For $\varepsilon=0,001$, find $N=N_0$ such that $|a_n-L|\lt \varepsilon$ if $n\geqslant N$
$$a_n = \frac{(n+1)}{3n-1}\, {\rm and} \, L=1/3$$
According to him, the answer could be any $N_0$ greater than $\left[\frac{2}{3\varepsilon}\right]+1$. I have an idea of how the proof works, but I can't figure out how he came up with that specific value for N$_0$. And why the final value has a $+1$.
On
We have $$ a_n - L = \frac{n+1}{3n-1}- \frac{1}{3} = \frac{3(n+1)-(3n-1)}{3(3n-1)} = \frac{4}{3(3n-1)}. $$ So we want $$ \frac{4}{3(3n-1)} < \epsilon \quad\Leftrightarrow\quad 3n-1 > \frac{4}{3\epsilon} \quad \Leftrightarrow \quad n > \frac{4}{9\epsilon}+\frac{1}{3}, $$ so we can take $$ n_0 = \left[ \frac{4}{9\epsilon}\right] + 1. $$ We have $+1$ here to be on the safe side, since we want the previous inequality to be strict.
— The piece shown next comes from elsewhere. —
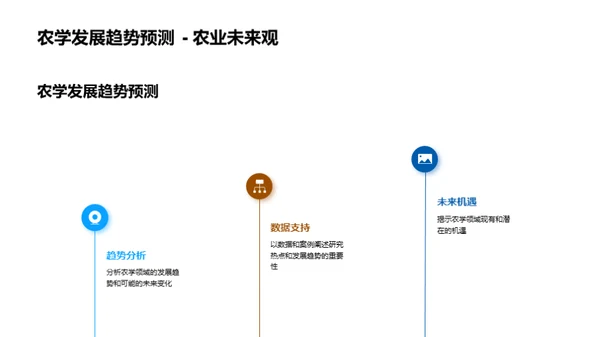 农学领域全面剖析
In particular, if $\epsilon = 0.001 = 10^{-3}$ this becomes $$ n_0 = \left[ \frac{4000}{9}\right]+1 = \left[ \frac{4000}{9}\right]+1 = 445. $$
We have that
$$\left|\frac{n+1}{3n-1}-\frac13\right|<\epsilon \iff \frac{4}{3(3n-1)}<\epsilon. $$
Now
$$\frac{4}{3(3n-1)}<\epsilon\iff 9n-3>\frac{4}{\epsilon}\iff 9n>\frac{4}{\epsilon}+3.$$ So we need
$$n>\frac{4}{9\epsilon}+\frac13.$$ So it is enough to have
$$n>\left[\frac{4}{9\epsilon}\right]+\left[\frac13\right]=\left[\frac{4}{9\epsilon}\right]+1.$$